# WHAT IS NEEDED
Only the lines below from the one with "Step 1. Open" through the one with "Well, here are" are to be written out, exactly and without any images.
----------------
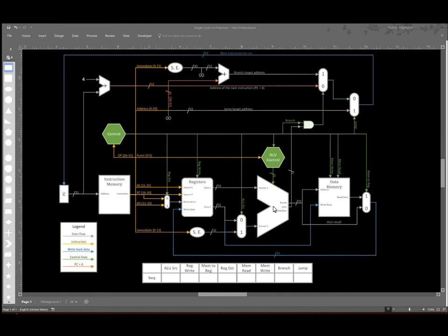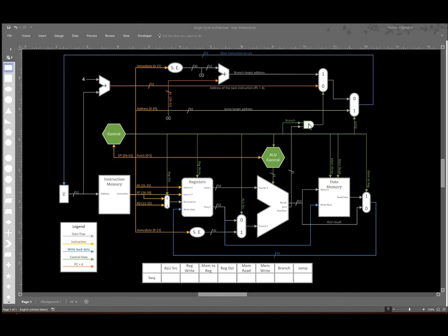This time we're going to be controlling a branch equals instruction. Our branch equals instruction wants to compare the data that's in two registers, and if they're equal, we're going to go to the address determined by the offset contained in our immediate field.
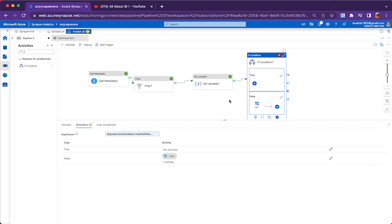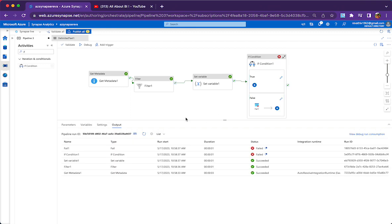If we want to check if there are files matching the wildcard or regular expression we are giving, this is the way to do it. Let me know if that helps or if you have any questions in the comment section. Thanks a lot to all the subscribers and viewers — keep watching, keep supporting.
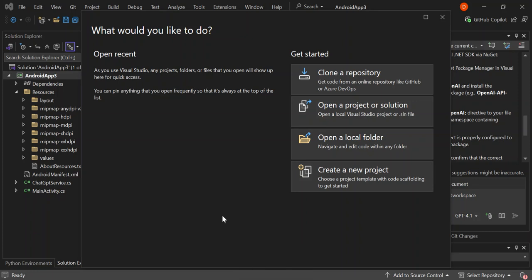Guys, welcome back once again. Today we are going to build an Android application using the assistance of GitHub Copilot. Before we get started, please make sure you subscribe to the channel if you haven't and also try to share the video if you can. So let's get straight into it.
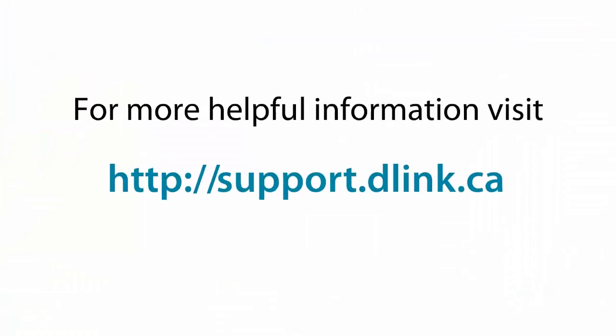For more helpful videos please check out support.dlink.ca.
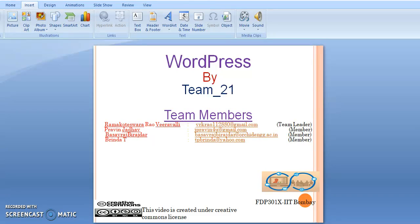Hi, this is Ramkodesh Rao Eravalli. In this video, I am going to explain about the history of WordPress.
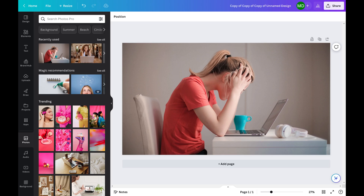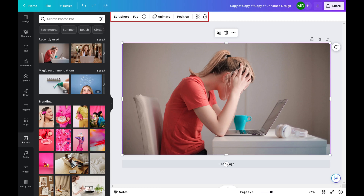Step 1. Open a web browser, navigate to canva.com, and then open the image you want to flip. Step 2. Click the image. A menu appears directly above the image with options associated with editing that specific image.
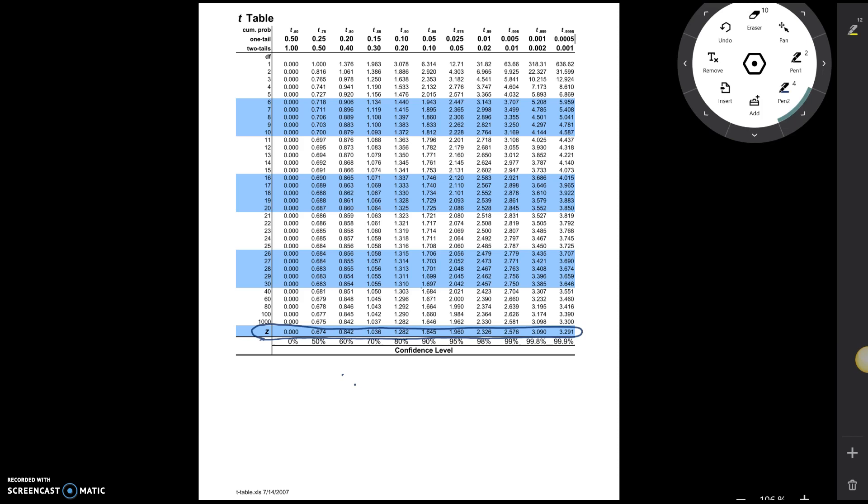Well, here are the z-star values for the different levels of confidence. So notice here, and you can put a little star there to remind yourself these are z-stars.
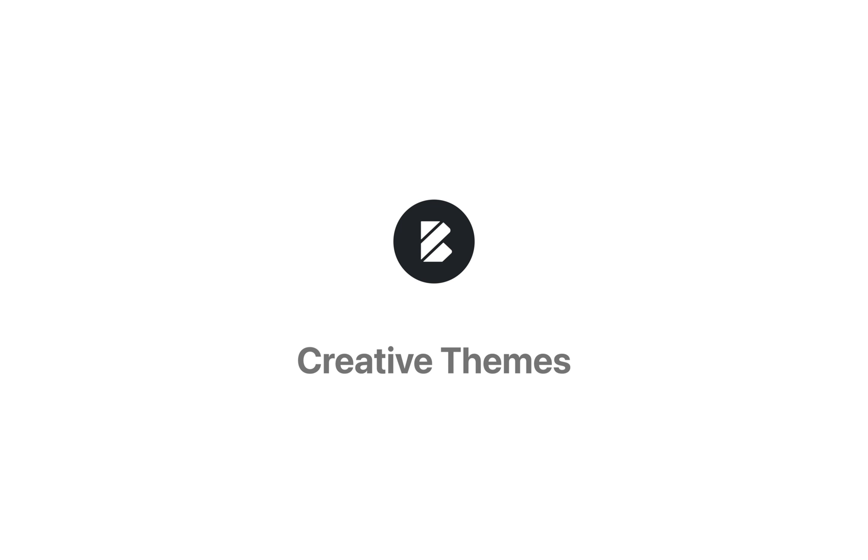As usual though, if you have any questions, a suggestion or you simply want to share something, feel free to drop by creativethemes.com. We'll be more than happy to guide you through. Until next time, take care.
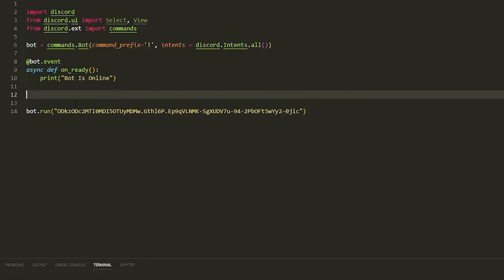What's up everyone, it's me Sivo, and in today's video I'm going to be teaching how to do dropdowns. Basically a dropdown is you click it and there's a dropdown — I'll show you to get a better understanding of what it is. I'm going to try to show you the easiest way possible on how to do it. Make sure you drop a like and subscribe.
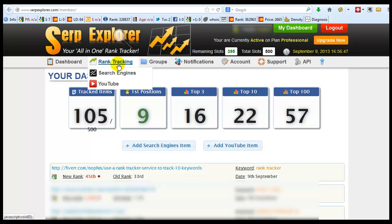With Rank Tracker SerpExplorer you can track your YouTube positions and your search engine position. When I say YouTube I mean within YouTube you can track your position of your video.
----------------
# EXERCISE RESULT
Step 1. Open a web browser, navigate to canva.com, and then open the image you want to flip. Step 2. Click the image. A menu appears directly above the image with options associated with editing that specific image.
Well, here are the z-star values for the different levels of confidence. So notice here, and you can put a little star there to remind yourself these are z-stars.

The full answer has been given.